Rafael condensó la totalidad de su erudición, de sus miles de lecturas en muchos idiomas, en un documento de cuarenta páginas que, vaya ironía, parece una muestra típica de marxismo de bachillerato: “las telenovelas, los seriados televisivos, los noticieros de radio que siempre mienten…, el concepto de belleza anoréxico y famélico…, el consumismo aberrante, el arribismo, la xenofobia creciente…, todo está perfectamente armado para que cada uno de nosotros caiga en la trampa y empiece a comportarse como los otros, a pensar lo mismo, a sentir lo mismo, a soñar lo mismo”. El profesor de sociología, supuestamente entrenado para apreciar los matices, queda inmediatamente descrestado con la perorata de su tío. Ciego ante la ironía, no se da cuenta del absurdo, de la erudición convertida en lugar común, de la literatura transmutada en un panfleto adolescente, y termina repitiendo el mismo discurso infantil y buscando refugio en el budismo zen.
La falta de ironía aqueja al tío, al sobrino y al autor, quien nunca trata de separarse del disparate. El novelista Juan Gabriel Vásquez ya había notado la carencia de ironía en los foristas que diariamente intercambian insultos en la prensa colombiana. Pero el mismo problema aqueja a muchos de nuestros escritores e intelectuales, que parecen haber perdido el sentido del humor, la capacidad de dudar de sus propias convicciones. Resulta representativo que, en la novela de Mendoza, la literatura universal sirva no para apreciar los matices, para entender la complejidad del mundo, sino para todo lo contrario, para alimentar una ideología gastada: “todos somos piñones de una gigantesca maquinaria”.

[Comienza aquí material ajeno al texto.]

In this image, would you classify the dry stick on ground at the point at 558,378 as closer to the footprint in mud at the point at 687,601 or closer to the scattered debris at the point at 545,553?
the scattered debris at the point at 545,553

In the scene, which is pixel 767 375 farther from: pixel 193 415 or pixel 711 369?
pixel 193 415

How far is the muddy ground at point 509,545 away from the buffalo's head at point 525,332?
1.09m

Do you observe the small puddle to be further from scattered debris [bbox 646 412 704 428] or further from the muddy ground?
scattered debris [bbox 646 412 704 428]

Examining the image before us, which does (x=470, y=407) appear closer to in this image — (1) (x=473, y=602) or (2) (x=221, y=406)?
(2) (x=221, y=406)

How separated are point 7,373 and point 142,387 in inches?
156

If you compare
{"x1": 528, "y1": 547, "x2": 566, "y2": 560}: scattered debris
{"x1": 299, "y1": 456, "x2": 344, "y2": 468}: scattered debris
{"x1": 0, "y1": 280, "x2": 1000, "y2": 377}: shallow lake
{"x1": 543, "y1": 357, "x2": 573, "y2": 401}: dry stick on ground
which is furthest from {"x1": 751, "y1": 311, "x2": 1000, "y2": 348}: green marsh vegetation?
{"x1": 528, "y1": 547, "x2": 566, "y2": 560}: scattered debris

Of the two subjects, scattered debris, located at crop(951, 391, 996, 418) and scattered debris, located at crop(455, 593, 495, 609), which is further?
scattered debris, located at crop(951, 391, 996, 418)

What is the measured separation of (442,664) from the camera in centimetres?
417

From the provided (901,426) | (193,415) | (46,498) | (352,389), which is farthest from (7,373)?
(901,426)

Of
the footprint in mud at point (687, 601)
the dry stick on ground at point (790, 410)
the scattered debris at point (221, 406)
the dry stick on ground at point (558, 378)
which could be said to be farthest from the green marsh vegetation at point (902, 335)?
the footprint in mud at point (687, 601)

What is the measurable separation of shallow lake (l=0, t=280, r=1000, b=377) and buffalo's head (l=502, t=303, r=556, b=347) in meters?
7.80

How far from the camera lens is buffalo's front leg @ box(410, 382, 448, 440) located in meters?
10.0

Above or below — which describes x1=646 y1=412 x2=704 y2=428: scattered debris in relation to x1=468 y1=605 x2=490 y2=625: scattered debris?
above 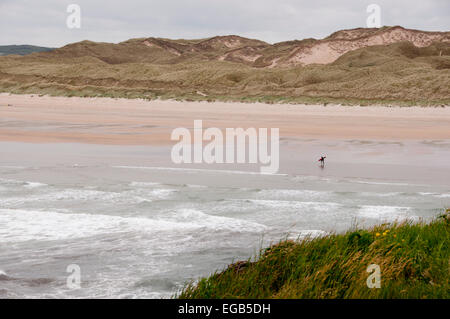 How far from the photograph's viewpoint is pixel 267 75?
98062 mm

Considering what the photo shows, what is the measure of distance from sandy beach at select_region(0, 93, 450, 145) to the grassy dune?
5100 mm

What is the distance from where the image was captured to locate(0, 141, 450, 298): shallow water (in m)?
7.99

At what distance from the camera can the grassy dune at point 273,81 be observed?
56938 millimetres

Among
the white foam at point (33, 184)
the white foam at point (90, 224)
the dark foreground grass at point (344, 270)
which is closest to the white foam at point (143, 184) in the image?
the white foam at point (33, 184)

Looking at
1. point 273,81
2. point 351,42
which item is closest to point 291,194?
point 273,81

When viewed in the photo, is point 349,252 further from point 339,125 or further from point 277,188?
point 339,125

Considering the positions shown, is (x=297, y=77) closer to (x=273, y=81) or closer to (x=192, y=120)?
(x=273, y=81)

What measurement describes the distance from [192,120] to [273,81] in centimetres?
6144

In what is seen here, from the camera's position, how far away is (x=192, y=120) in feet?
115

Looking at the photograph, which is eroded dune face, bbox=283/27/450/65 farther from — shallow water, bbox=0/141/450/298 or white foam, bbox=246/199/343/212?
white foam, bbox=246/199/343/212

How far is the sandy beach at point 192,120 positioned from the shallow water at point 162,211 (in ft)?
21.8

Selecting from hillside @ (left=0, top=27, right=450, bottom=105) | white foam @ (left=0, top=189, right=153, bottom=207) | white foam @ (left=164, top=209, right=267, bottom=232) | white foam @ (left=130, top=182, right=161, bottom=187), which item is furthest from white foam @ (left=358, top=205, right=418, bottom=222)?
hillside @ (left=0, top=27, right=450, bottom=105) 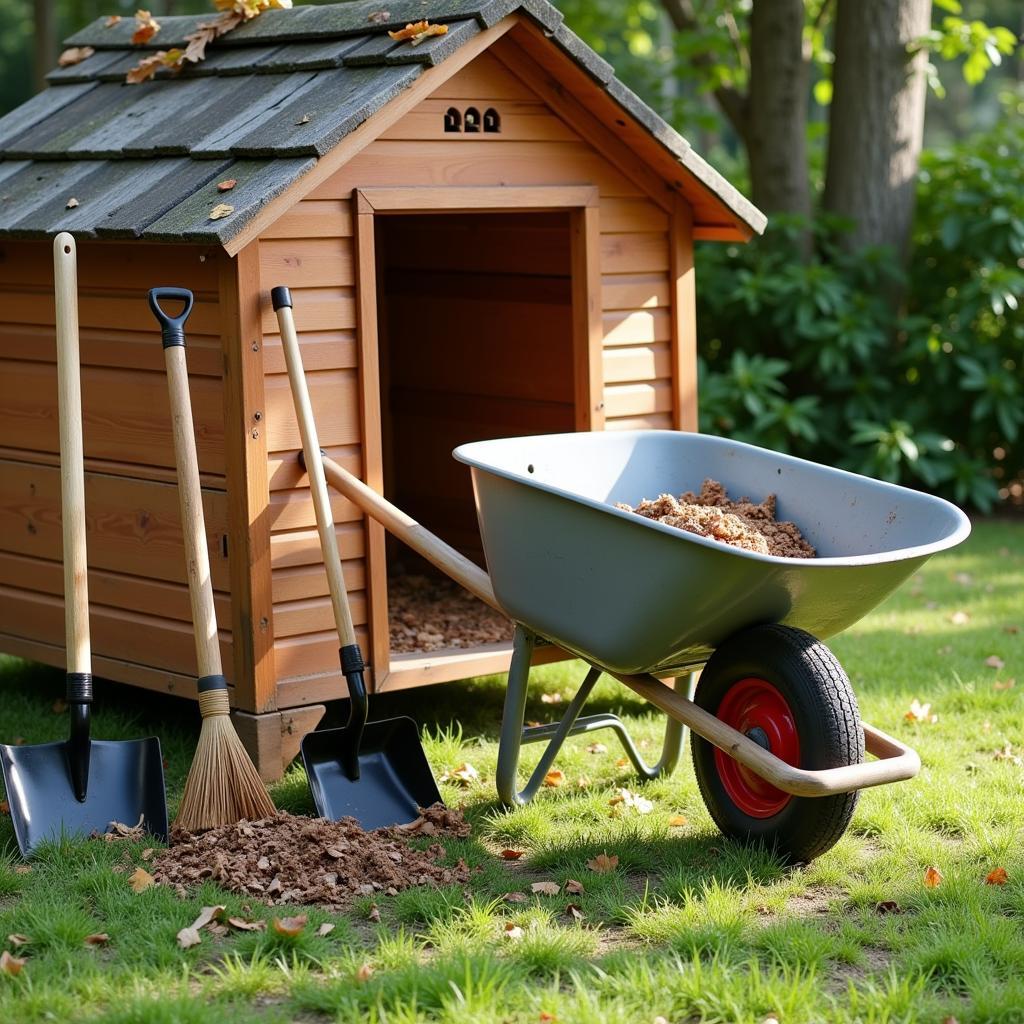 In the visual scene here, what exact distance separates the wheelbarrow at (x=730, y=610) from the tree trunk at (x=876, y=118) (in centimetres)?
493

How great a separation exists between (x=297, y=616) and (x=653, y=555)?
144 cm

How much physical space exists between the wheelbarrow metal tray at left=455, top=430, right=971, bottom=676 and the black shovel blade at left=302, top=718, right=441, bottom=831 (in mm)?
557

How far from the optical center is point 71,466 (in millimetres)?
4238

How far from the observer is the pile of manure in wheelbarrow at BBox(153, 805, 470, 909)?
12.6ft

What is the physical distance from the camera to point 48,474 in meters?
5.36

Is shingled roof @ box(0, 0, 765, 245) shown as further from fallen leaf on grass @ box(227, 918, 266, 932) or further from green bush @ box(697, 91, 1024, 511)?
green bush @ box(697, 91, 1024, 511)

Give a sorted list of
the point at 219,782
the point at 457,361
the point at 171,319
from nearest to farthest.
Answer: the point at 219,782
the point at 171,319
the point at 457,361

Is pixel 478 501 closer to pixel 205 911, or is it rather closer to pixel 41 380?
pixel 205 911

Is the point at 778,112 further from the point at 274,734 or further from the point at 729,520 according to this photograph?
the point at 274,734

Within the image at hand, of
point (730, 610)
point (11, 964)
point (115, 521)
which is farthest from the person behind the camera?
point (115, 521)

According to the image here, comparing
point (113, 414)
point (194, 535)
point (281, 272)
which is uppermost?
point (281, 272)

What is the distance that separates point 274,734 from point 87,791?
622 mm

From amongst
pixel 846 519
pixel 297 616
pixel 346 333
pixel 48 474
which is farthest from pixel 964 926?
pixel 48 474

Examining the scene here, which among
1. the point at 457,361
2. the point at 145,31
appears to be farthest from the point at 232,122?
the point at 457,361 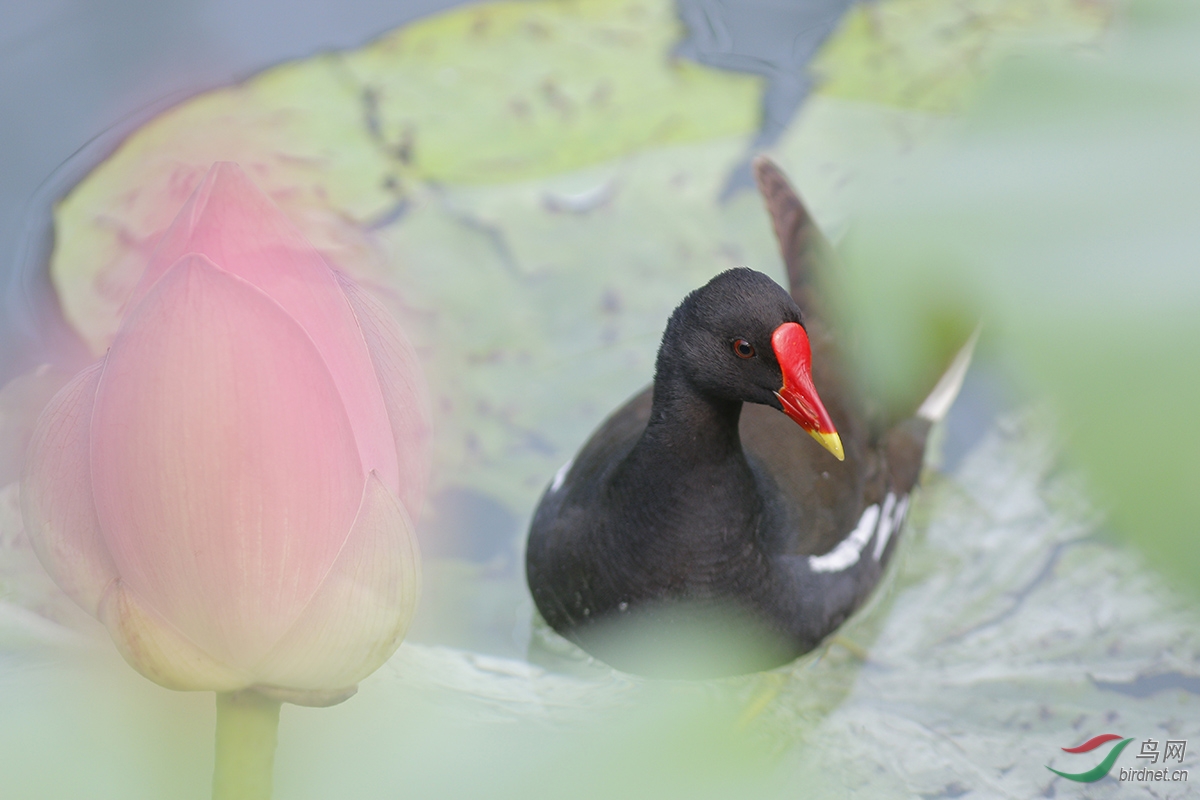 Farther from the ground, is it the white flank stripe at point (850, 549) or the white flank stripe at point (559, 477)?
the white flank stripe at point (559, 477)

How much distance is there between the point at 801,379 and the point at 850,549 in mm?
394

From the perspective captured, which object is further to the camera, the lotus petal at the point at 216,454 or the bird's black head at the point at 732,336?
the bird's black head at the point at 732,336

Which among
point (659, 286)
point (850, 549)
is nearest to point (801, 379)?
point (850, 549)

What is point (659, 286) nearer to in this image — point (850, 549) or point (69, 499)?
point (850, 549)

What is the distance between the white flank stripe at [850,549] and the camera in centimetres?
111

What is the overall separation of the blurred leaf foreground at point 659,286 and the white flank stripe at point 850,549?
0.10 meters

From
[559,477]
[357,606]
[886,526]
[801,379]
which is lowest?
[886,526]

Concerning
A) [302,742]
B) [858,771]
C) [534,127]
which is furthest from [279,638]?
[534,127]

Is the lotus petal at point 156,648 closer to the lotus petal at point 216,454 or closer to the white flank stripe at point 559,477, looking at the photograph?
the lotus petal at point 216,454

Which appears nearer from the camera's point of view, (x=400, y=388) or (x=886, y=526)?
(x=400, y=388)

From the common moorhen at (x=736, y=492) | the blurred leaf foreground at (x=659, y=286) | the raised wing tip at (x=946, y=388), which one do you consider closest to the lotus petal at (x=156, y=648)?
the blurred leaf foreground at (x=659, y=286)

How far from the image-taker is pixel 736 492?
97cm

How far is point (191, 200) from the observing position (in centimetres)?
22

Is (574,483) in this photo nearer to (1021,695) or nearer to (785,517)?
(785,517) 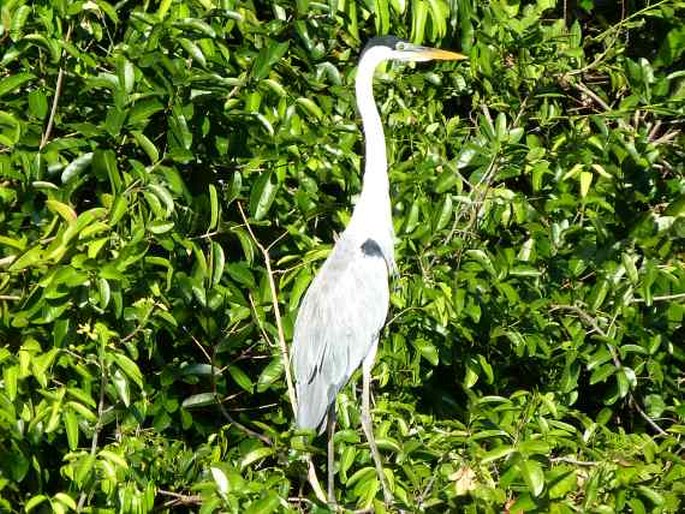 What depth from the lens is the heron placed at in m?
3.57

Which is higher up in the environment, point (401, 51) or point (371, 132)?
point (401, 51)

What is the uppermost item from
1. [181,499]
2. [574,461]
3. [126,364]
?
[126,364]

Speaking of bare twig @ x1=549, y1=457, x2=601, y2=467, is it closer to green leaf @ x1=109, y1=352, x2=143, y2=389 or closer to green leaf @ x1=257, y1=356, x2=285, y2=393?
green leaf @ x1=257, y1=356, x2=285, y2=393

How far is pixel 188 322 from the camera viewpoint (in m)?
3.49

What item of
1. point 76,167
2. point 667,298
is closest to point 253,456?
point 76,167

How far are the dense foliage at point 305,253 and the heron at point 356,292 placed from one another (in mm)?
76

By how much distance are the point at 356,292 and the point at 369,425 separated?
18.7 inches

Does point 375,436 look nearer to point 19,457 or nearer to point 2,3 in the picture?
point 19,457

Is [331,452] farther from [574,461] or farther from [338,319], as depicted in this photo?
[574,461]

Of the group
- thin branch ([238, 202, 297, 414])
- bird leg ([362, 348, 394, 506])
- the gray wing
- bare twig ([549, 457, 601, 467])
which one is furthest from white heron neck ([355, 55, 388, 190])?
bare twig ([549, 457, 601, 467])

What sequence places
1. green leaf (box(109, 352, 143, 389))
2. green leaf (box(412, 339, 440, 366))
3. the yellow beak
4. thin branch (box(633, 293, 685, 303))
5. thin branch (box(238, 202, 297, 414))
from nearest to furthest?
green leaf (box(109, 352, 143, 389)) → thin branch (box(238, 202, 297, 414)) → green leaf (box(412, 339, 440, 366)) → the yellow beak → thin branch (box(633, 293, 685, 303))

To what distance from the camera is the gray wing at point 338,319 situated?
3615 millimetres

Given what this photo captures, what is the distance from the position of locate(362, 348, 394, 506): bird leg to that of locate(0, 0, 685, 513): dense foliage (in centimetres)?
5

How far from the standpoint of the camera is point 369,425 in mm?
3375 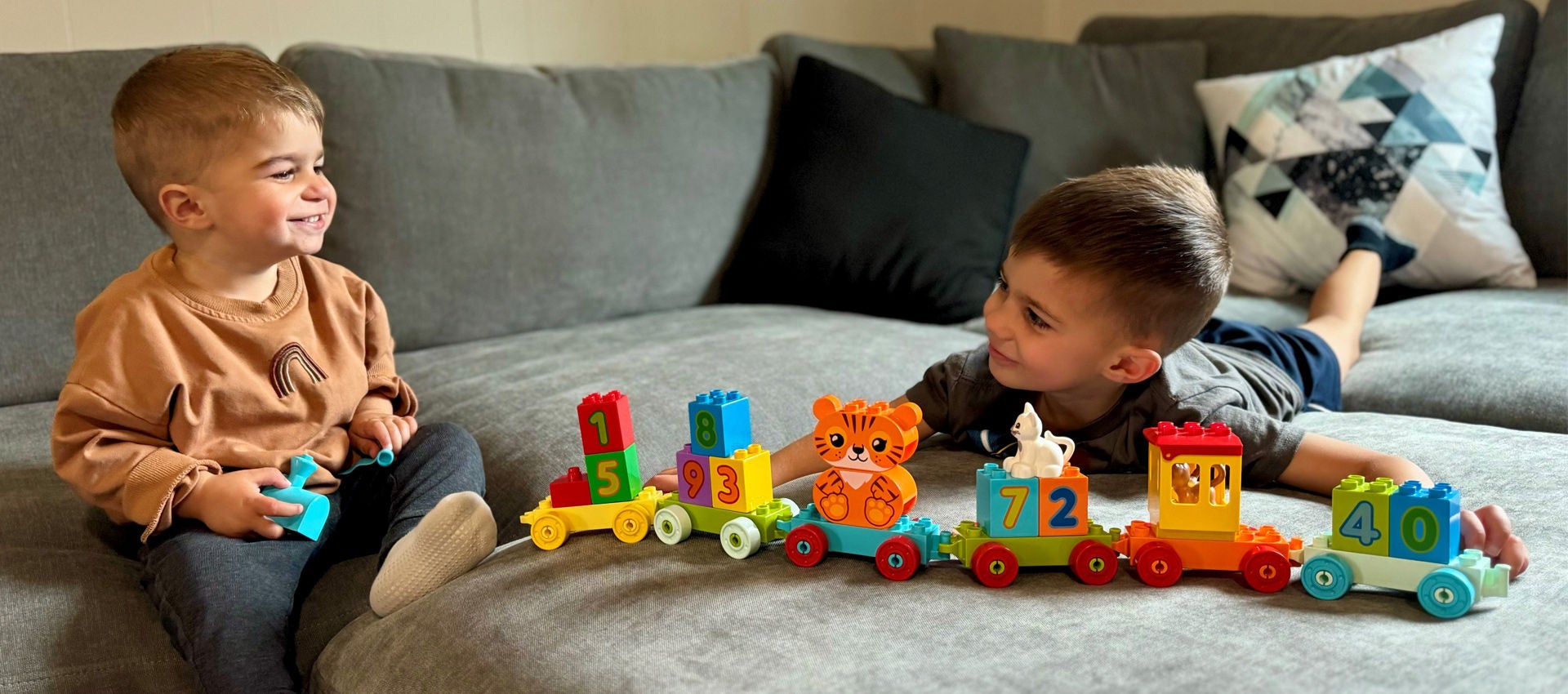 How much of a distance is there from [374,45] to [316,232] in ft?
3.92

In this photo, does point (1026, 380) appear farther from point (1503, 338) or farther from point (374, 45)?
point (374, 45)

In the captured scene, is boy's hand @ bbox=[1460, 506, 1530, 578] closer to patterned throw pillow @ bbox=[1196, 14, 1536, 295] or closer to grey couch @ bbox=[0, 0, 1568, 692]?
grey couch @ bbox=[0, 0, 1568, 692]

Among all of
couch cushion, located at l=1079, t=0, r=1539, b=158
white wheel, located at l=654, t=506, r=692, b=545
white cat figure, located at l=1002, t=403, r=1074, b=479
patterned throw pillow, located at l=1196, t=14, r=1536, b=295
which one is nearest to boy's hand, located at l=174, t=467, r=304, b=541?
white wheel, located at l=654, t=506, r=692, b=545

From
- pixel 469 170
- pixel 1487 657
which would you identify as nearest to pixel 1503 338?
pixel 1487 657

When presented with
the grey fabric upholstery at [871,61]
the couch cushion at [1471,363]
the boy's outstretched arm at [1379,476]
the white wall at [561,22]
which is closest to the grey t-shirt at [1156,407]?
the boy's outstretched arm at [1379,476]

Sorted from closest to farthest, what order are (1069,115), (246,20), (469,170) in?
(469,170) → (246,20) → (1069,115)

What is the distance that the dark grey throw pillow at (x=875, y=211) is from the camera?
2.36 metres

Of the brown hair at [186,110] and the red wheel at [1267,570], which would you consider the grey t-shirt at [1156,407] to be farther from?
the brown hair at [186,110]

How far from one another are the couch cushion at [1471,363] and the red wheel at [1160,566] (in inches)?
31.5

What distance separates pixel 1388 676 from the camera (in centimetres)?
95

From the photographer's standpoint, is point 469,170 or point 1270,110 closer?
point 469,170

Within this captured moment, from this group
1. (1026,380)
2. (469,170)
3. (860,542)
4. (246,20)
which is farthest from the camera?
(246,20)

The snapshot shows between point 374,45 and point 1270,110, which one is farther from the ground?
point 374,45

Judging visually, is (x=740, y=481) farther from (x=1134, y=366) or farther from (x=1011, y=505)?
(x=1134, y=366) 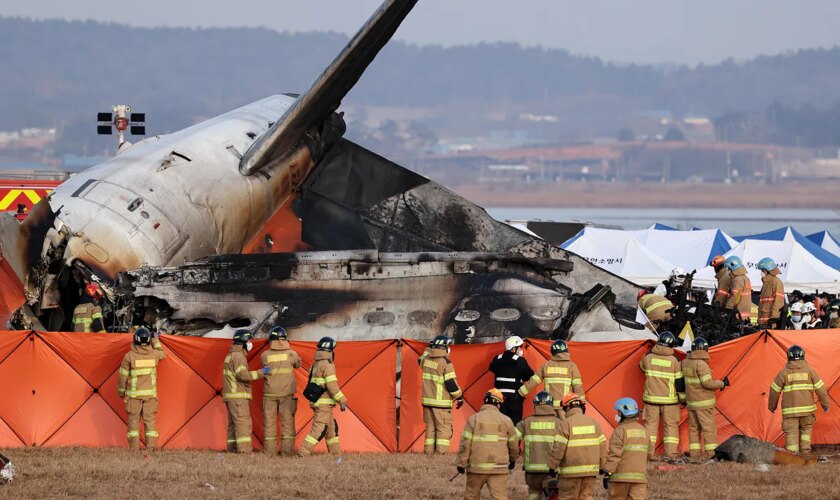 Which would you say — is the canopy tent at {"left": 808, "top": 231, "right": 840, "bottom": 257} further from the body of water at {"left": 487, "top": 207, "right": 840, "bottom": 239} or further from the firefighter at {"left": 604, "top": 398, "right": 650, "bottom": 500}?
the body of water at {"left": 487, "top": 207, "right": 840, "bottom": 239}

Buda Blues contiene, creo yo, una gran lección. La falta de ironía produce mala crítica social y mala literatura. “Fundaremos una religión donde abandonaremos el yo para unirnos a los otros en un gran abrazo musical”, dice uno de los protagonistas al final de la novela. Y este desvarío se debe, supone uno, a la falta de humor y a la intoxicación ideológica.